The authors divided the patients into two groups: diabetic patients and prediabetic patients, and they further categorized them according to their baseline BMI before LSG into patients with BMI ≥40 kg/m2 and patients with BMI <40kg/m2. The prediabetic patients in this study were identified as those with baseline HbA1c levels between ≥5.7% and <6.5%. The effect of LSG was evaluated using (baseline - mean postoperative records) of BMI and HbA1c according to the available data for each patient irrespective of the follow-up period. Not all patients had complete follow-up records of one year, which forced the authors to calculate a mean follow-up period for all patients. The mean follow-up period was 10 months. The authors used the criteria of the American Association of Diabetes as HbA1c <6.5% in diabetic patients and HbA1c <5.7% in prediabetic patients for achieving normal glucose levels.

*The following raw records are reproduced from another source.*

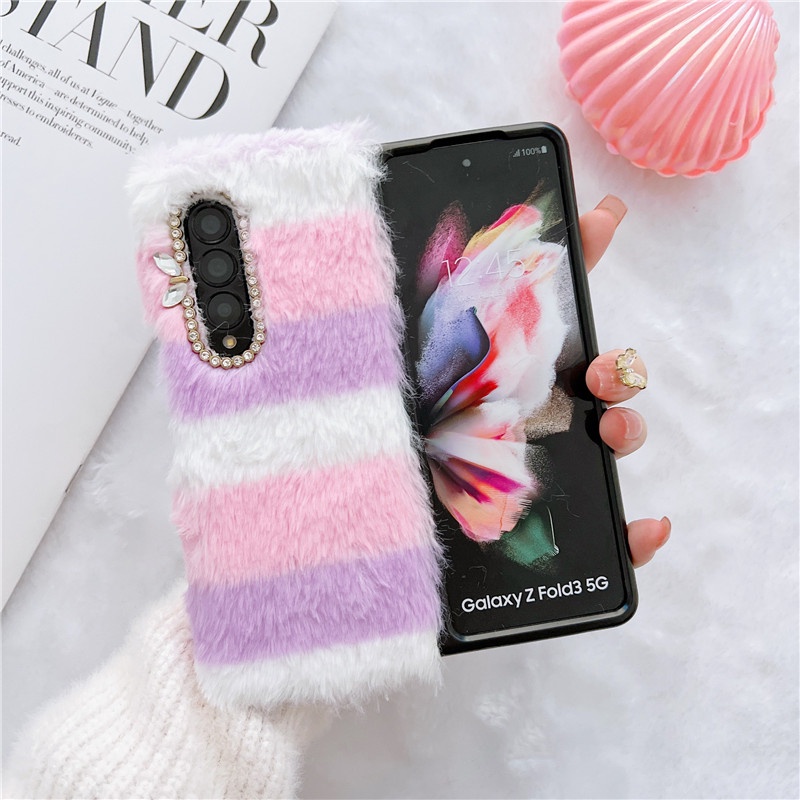 Ốp Lưng Bọc Lông Mềm Đính Hình Tai Thỏ Cho Điện Thoại Samsung Galaxy Z FOLD 3 4 5G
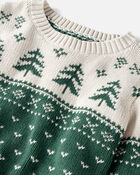 Kids Organic Cotton Fair Isle Sweater Knit Pullover, image 3 of 4 slides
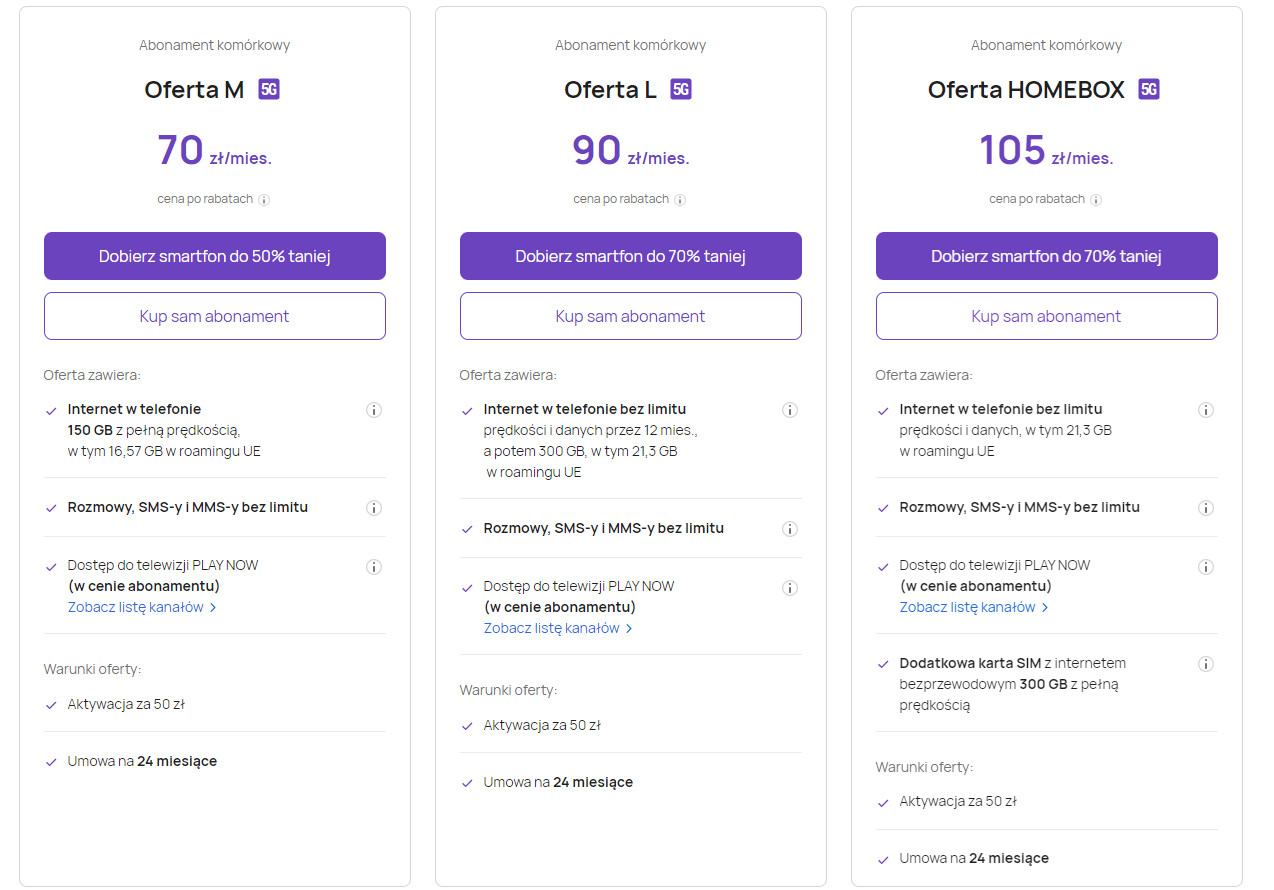 Play abonament Oferta L i Homebox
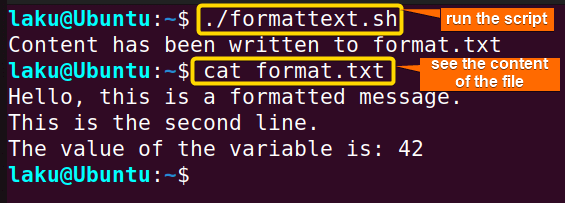 Writing formatted text to file using printf command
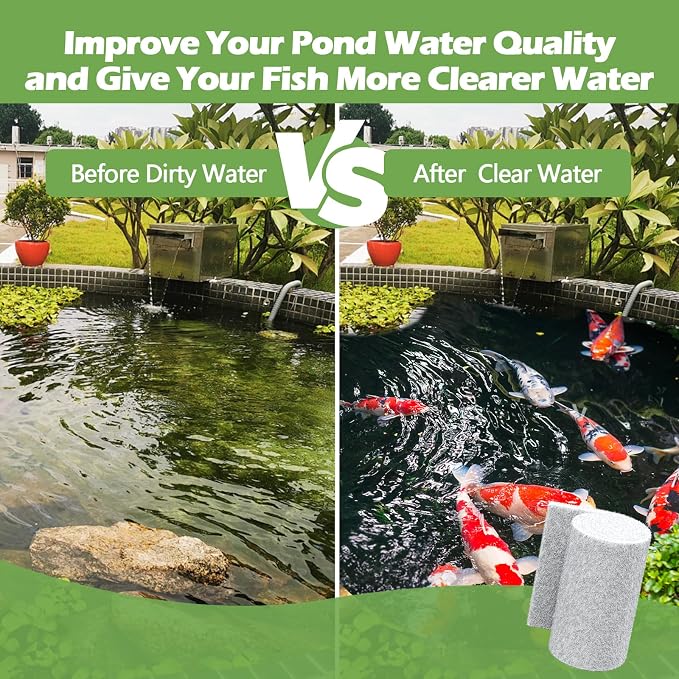 Pond Filter Pad, 12"x72"x1.1" – 6 sq ft White Reusable & Washable Foam Media for Outdoor Fish Ponds, Aquariums & Water Gardens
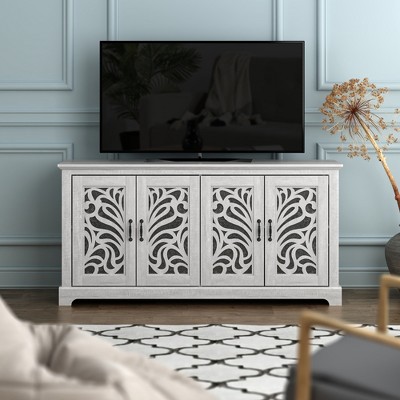 Frenzy 60.0 In. Dusty Gray Oak Tv Stand Fits Tv's Up To 65 In. : Target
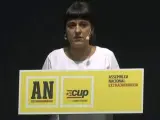 La exdiputada de la CUP Anna Gabriel, durante su intervención en la asamblea de la CUP.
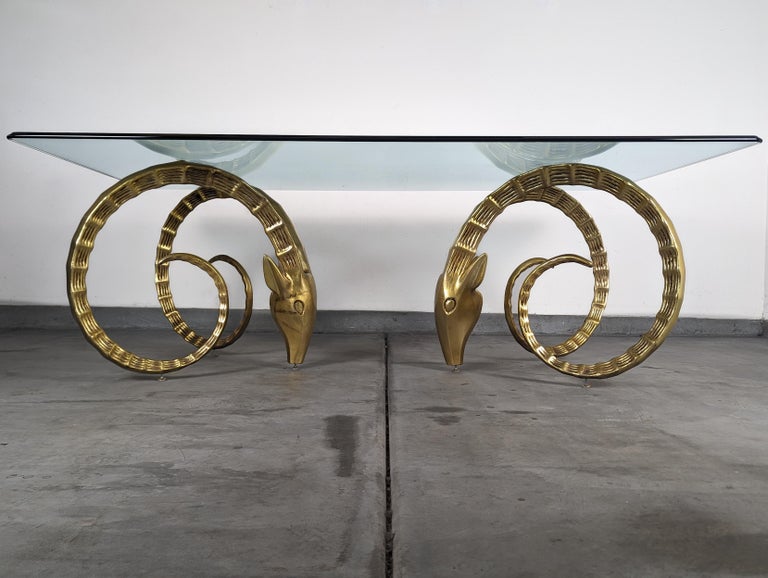 Brass Ibex Rams Head Dining Table in the Style of Alain Chervet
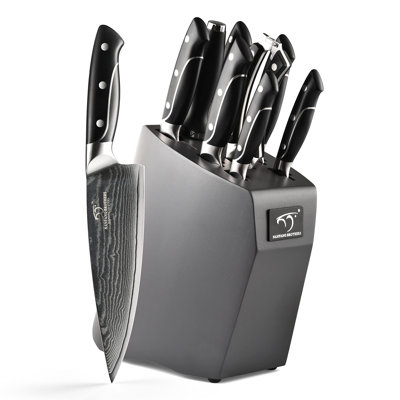 Nanfang Brothers Damascus Steel Knife Block Set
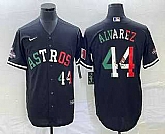 Men's Houston Astros #44 Yordan Alvarez Number Mexico Black Cool Base Stitched Baseball Jersey,baseball caps,new era cap wholesale,wholesale hats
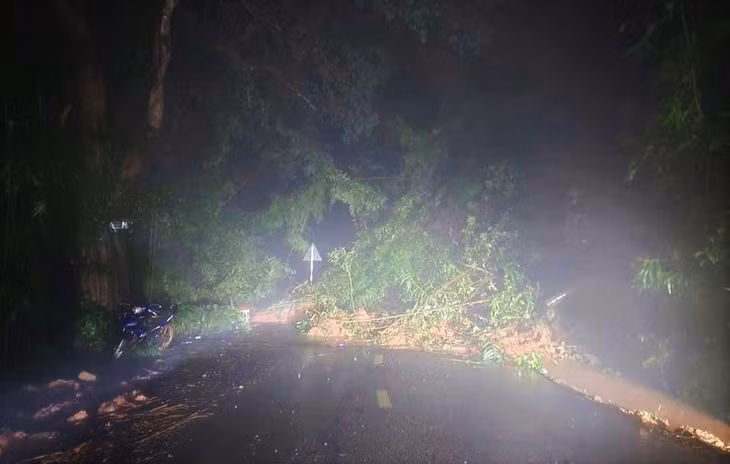 Khối lượng lớn đất, đá sạt lở tràn xuống đường tại Km51 trên Quốc lộ 28 đoạn qua đèo Gia Bắc. Ảnh: Phúc Khánh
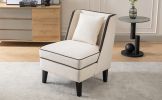 Velvet Upholstered Accent Chair with Black Piping, Cream and Black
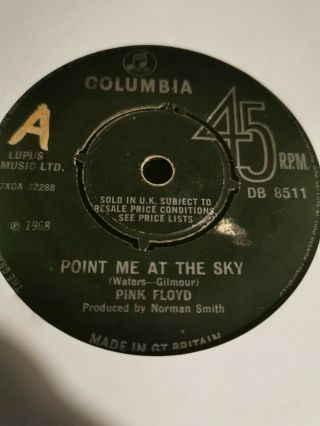 Pink Floyd Point Me At The Sky 7 Inch Vinyl Single Db 8511 Rare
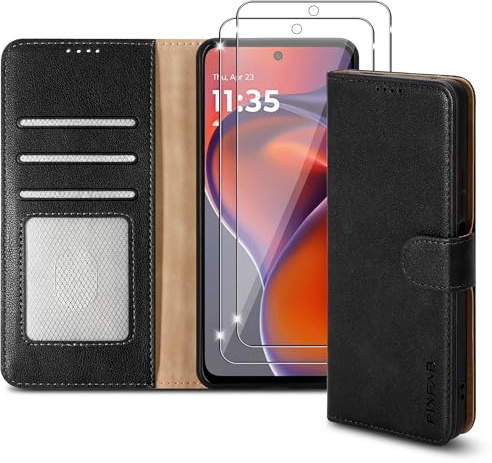 PIXFAB Case for Motorola Moto G17 / G15, Leather Wallet Phone Case [with Screen Protector], Magnetic Book Flip Folio Cover [RFID Protection & 3 Card Slots] [Kickstand] for Moto G17 / G15 - Black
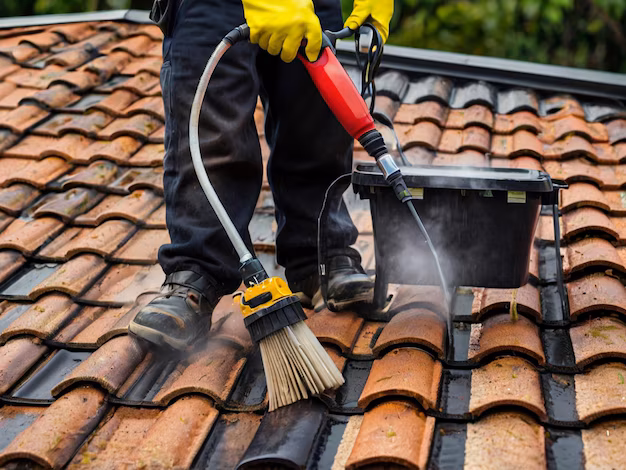 Worker in black clothing and yellow gloves using a steam cleaner and brush to clean a clay tile roof in Central PA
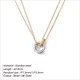 Two-Color Pendant Necklace Choker Stainless Steel Fashion Jewelry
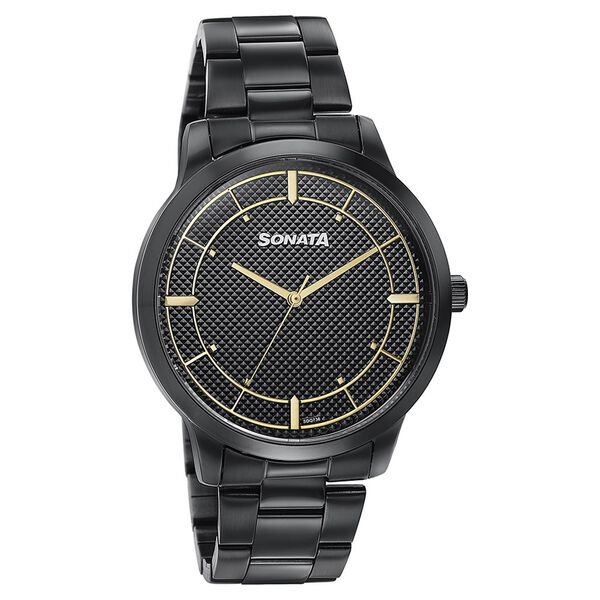 Sonata Quartz Analog Black Dial Black Stainless Steel Strap Watch For Men - image number 2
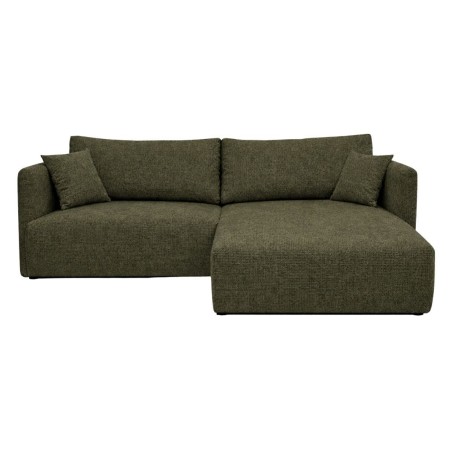 Komfortable Eckcouch in L-Form mit schmalen Armlehnen und Bettkasten, Stoff ARAGON Grün, MAGNUM N2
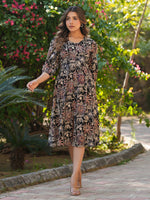 Thumbnail for Janasya Dark Cotton Floral A-Line Dress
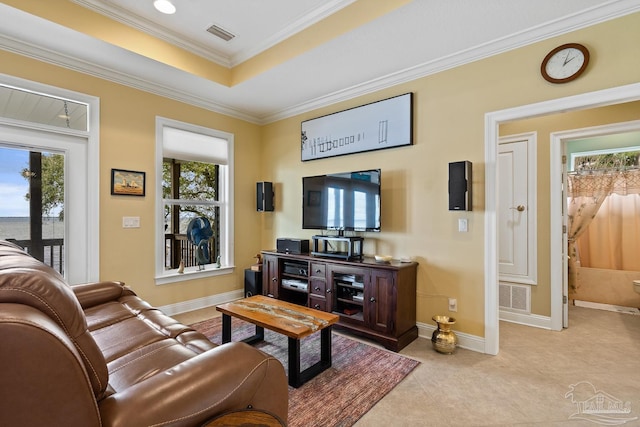 living room with a raised ceiling and crown molding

Data analysis was performed using the statistical package for social sciences (SPSS) software, version 21 (IBM Corp., Armonk, NY). Normality tests were conducted using the Shapiro-Wilk test. The data followed an abnormal distribution, so, a non-parametric test was applied. Qualitative data were presented using counts and percentages, while quantitative data were presented using mean ± Standard Deviation (SD). Paired T-test was used to compare preoperative and postoperative data of BMI and HbA1c in diabetic and prediabetic groups. As well as comparing the preoperative and postoperative data of BMI and HbA1c in patients with BMI ≥40kg/m2 versus patients with BMI <40kg/m2 before LSG. A p-value of ≤0.05 (two-sided) was used to indicate statistical significance.
Results
This study included 102 obese patients who underwent LSG during the period of the study and fulfilled the inclusion criteria. The characteristics information of the patients at baseline are detailed in Table 1. The mean age was 41.6±12.2 with a range of 19 to 64 years old, and most of the patients were females (72.5%). In our sampled patients, 64.7% had diabetes and 35.3% were prediabetic. The majority of the patients had a baseline BMI ≥40kg/m2 (80.4%). The mean baseline of BMI was 47.3±7.73 kg/m2, and the range of HbA1c was between 5.7% and 12.2% at baseline.
Table 1. Baseline characteristics of patients (n=102).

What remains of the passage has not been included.